Only some lines are wanted. Transcribe, exactly, the lines below from the line with "квартира г Красноярск" up to and including the line with "Nissens 62830 Radiator".

■ DATA SUPPLIED:
┄┄┄┄┄┄
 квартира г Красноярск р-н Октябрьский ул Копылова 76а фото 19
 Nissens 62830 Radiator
┄┄┄┄┄┄
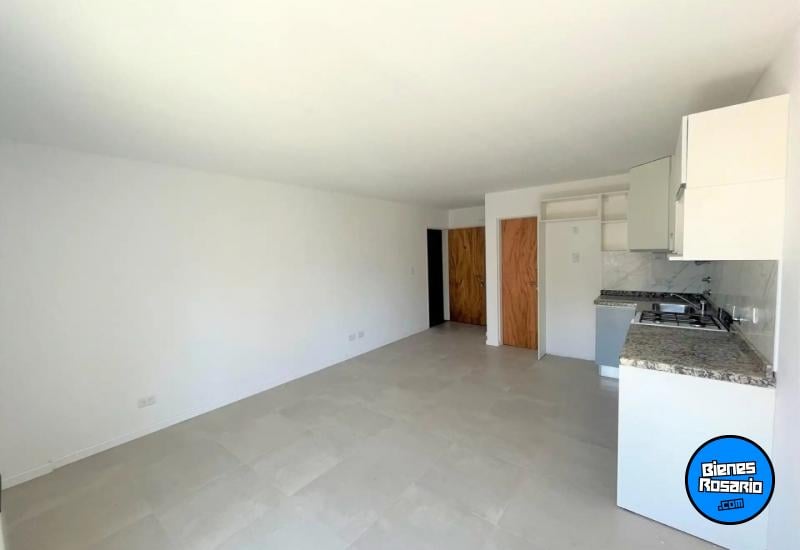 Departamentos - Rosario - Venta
┄┄┄┄┄┄
■ RESPONSE:
 квартира г Красноярск р-н Октябрьский ул Копылова 76а фото 19
 Nissens 62830 Radiator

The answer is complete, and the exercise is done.